When they are crushed they emit an odor described by one observer as "cilantro mixed with burned rubber and dirty socks." (Actually, that kind of resembles a wine writer's description of a particularly exceptional vintage, although with strong tannins thrown in.)
They are real pests, accounting for $37 million in damage to the 2010 apple crop, according to one trade group. They are also a real nuisance, especially if they migrate into your house by the thousands to spend the winter.
Like so many unpleasant additions to our wildlife and plant life -- snakeheads, zebra mussels, kudzu, Asian carp, Burmese pythons -- they arrived here from the Far East and found the New World very much to their liking.
In my own neighborhood, we have Asian tiger mosquitoes, small, fast and very light on their little legs, not at all like the old-fashioned slow and heavy American mosquitoes that were so satisfying to smash on your forearm or leg.
The stinkbug is believed to have arrived by freighter about 15 years ago, and only lately really started to proliferate.

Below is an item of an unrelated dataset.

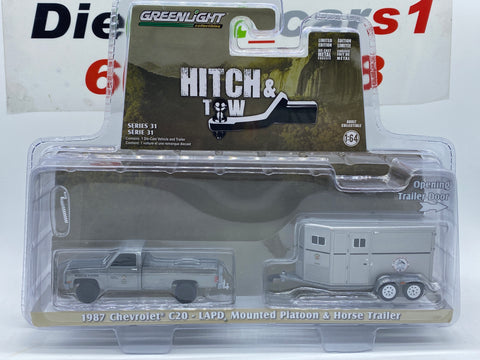 Greenlight ‘87 Chevrolet C20 - LAPD Mounted Platoon & Horse Trailer 1:64.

Stinkbugs are described as speckled brown and 1/2 to 1 inch long with no natural predators. Ours don't seem quite that big and are more of a mottled battleship gray and they have one implacable enemy in Mrs. McFeatters, who is relentless in tracking them down and crushing them with a paper towel. Perhaps because of that or perhaps because of the cold weather, they seem to have become infrequent visitors.

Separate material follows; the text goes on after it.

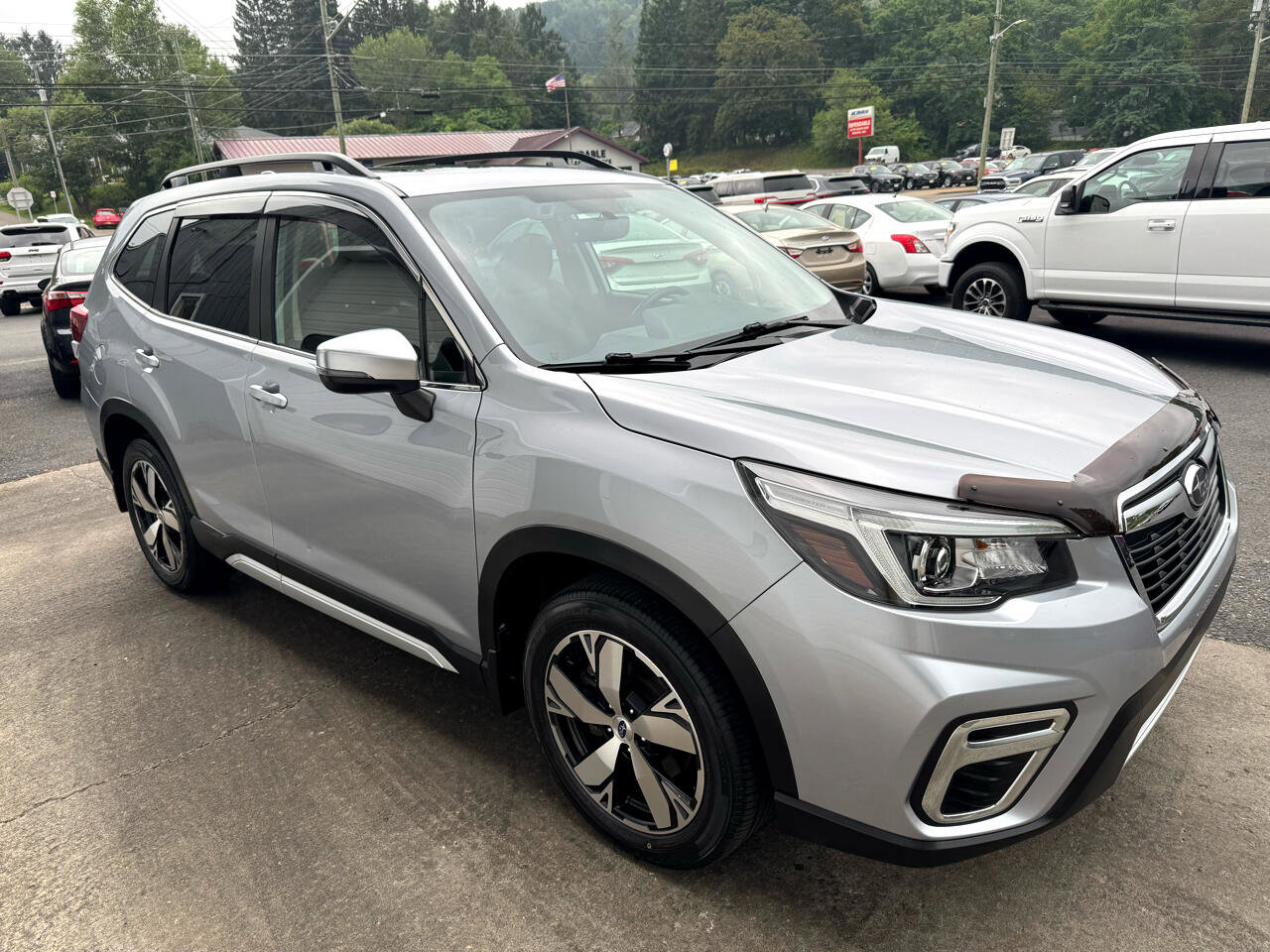 Used 2020 Subaru Forester Touring image 3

The USDA is said to be spending $5.7 million to find a natural predator for the stinkbug and is re-creating its mating scent to lure the amorous bugs to their death.
One hopeful predator is described as a tiny parasitic wasp from Asia that eats stinkbug eggs. But you have to ask where, after eating all the stinkbugs, the parasitic wasps will turn next?
Maybe the little wasps will become a plague of their own and we'll have to import an equally nasty predator to control them. If we listen carefully, we may hear somewhere deep in the heavens someone trying to stifle a divine laugh.